Den Heuchelheimer Scheeapfel habe ich während einer Apfelausstellung im Dresdner Hygienemuseum im November 2007 kennengelernt. Diese Sorte war unter anderen zur Verkostung frei gegeben. Ich staunte vor allem über die dichte Zellstruktur. Da mich auch der Geschmack und das Aussehen sehr überzeugte, er ist süß bis mild säuerlich und aromatisch, mittelgroß und gelb, beschloss ich, diese Hessische Regionalsorte (Heuchelheim!) auf alle Fälle auch im meine Cannewitzer Sammlung aufzunehmen. Ich bestellte 3 Bäume in der Baumschule Baumgartner in Nöham (Niederbayern), von der ich in der ersten Zeit meines Sammlungsaufbaus sehr viele Apfelbäume in alten Sorten bezog.

Die Entdeckung dieses Apfels werde ich für immer mit Georg Schenk verbinden, den ich erstmals auf dieser Dresdner Ausstellung traf und der sie in Zusammenarbeit von Slowfood Deutschland organisiert hatte. Ich erfuhr später, dass er aus der Schweiz nach Dresden gekommen war, um alte Häuser in der Stadt zu sanieren und das er bald den unglaublichen Reichtum alter Obstsorten im Elbtal entdeckte. Daraufhin baute er eine Obstdestillerie auf, der er den Namen „Augustus Rex“ gab. Durch hervorragende Obstbranddestillate und sein Engagement für den Aufbau von Regionalgruppen von Slowfood im Raum Dresden machte er alte Obstsorten populär.

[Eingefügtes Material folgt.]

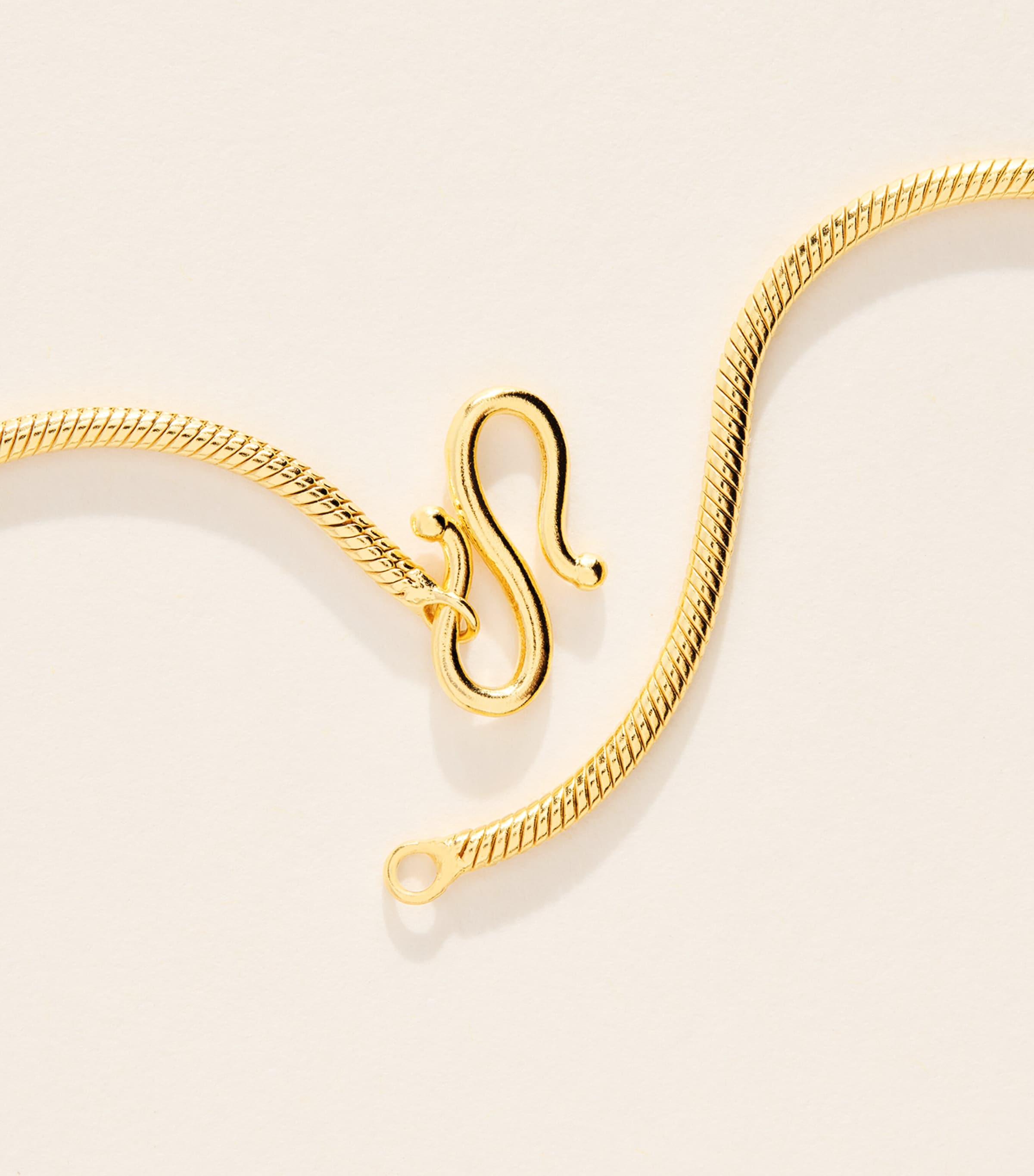 LIÉ STUDIO Gold-Plated The Julia Necklace Gold Image 5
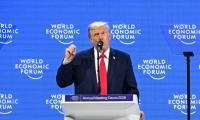 Trump At Davos Demands 'immediate' Greenland Talks But Rules Out Force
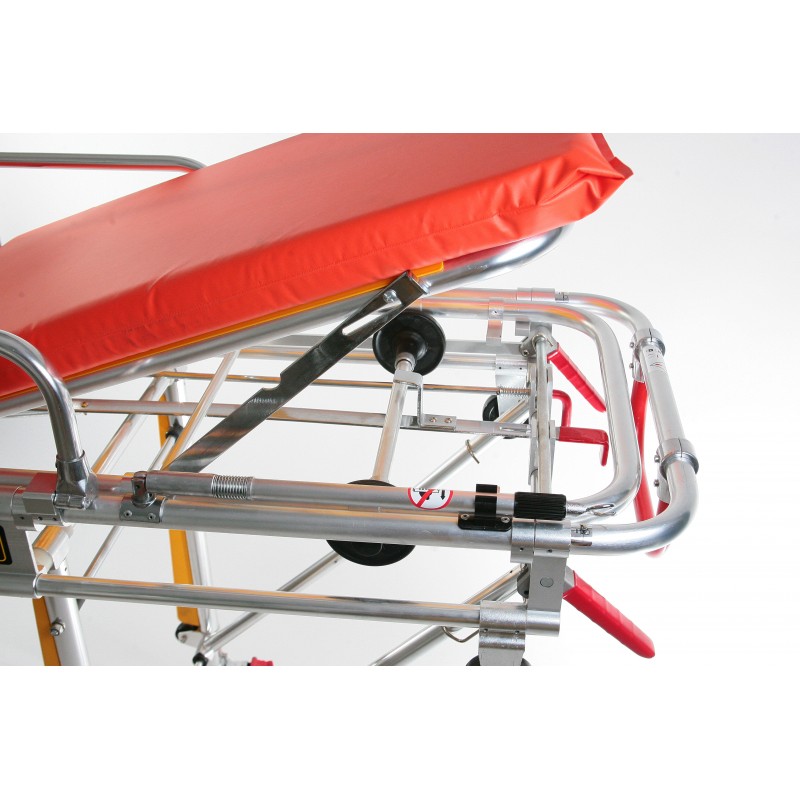 Каталка для АСМП Med-Mos (YDC-3A) со съемными носилками СП-1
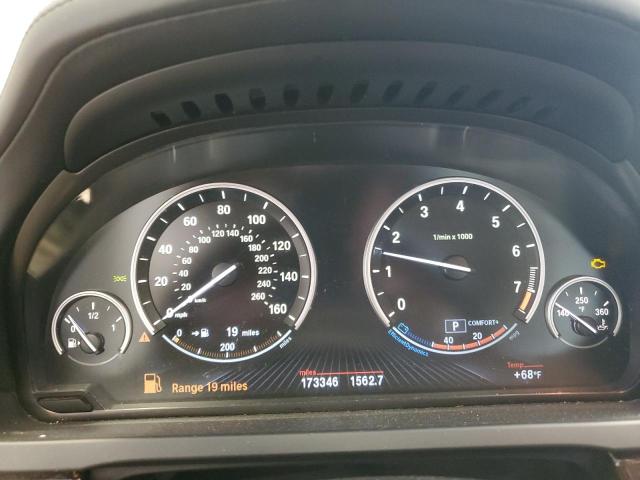 Photo 9 from auction – 2013 BMW 750 with VIN WBAYF8C57DDE59340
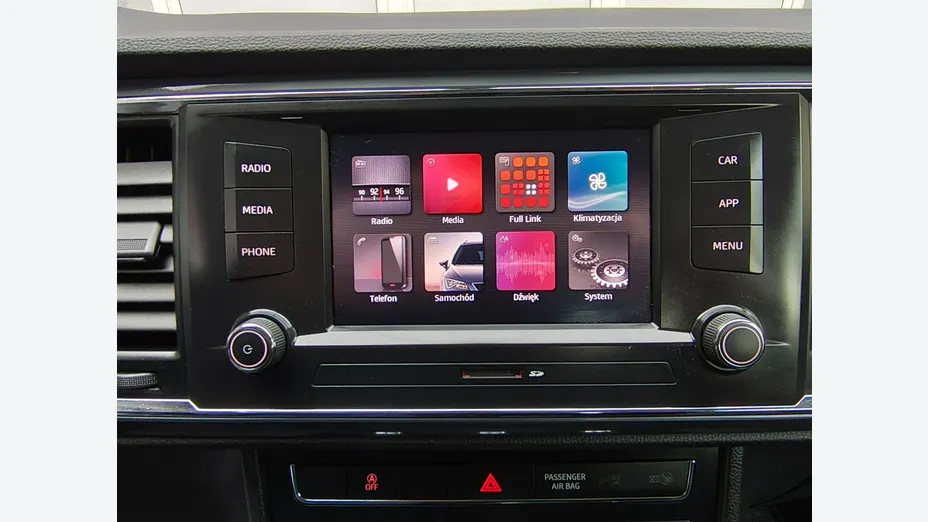 SEAT ATECA -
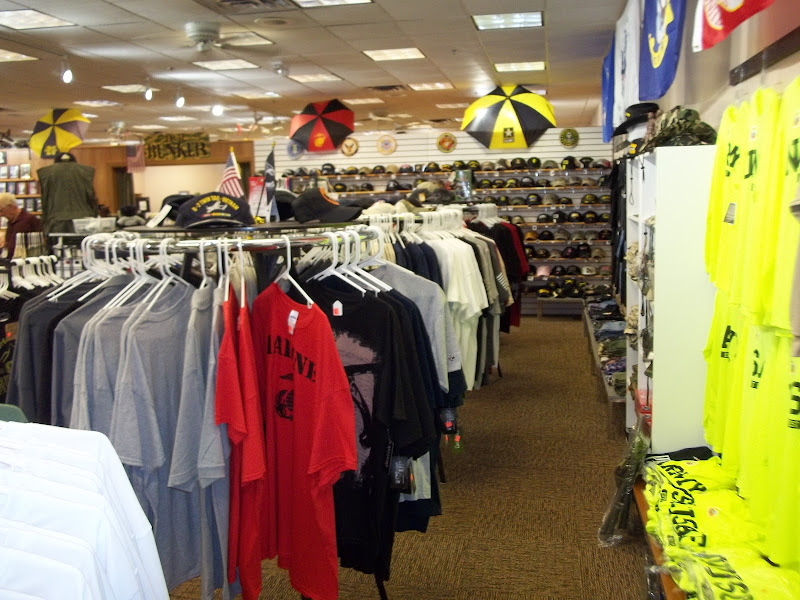 Victory Center Military Store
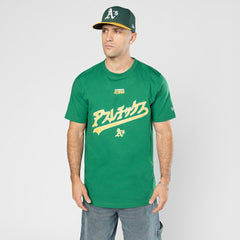 Athletics New Era x Hyperfly T-Shirt discount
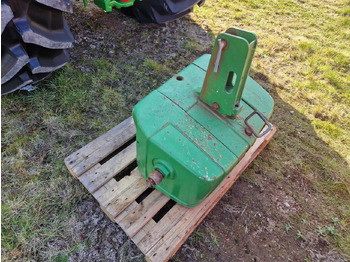 Adapterek JOHN DEERE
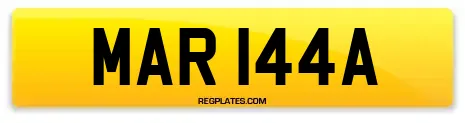 MAR 144A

Inzwischen bin ich durch ihn ebenfalls Unterstützer von Slowfood und bin ihm dankbar für die freundliche Begleitung meiner Projekte.

Die drei Heuchelheimer Schneeapfelbäume auf meinem Grundstück tragen seit einigen Jahren schon die ersten Früchte. Es ist wirklich ein toller Apfel, besonders für den Frischverzehr.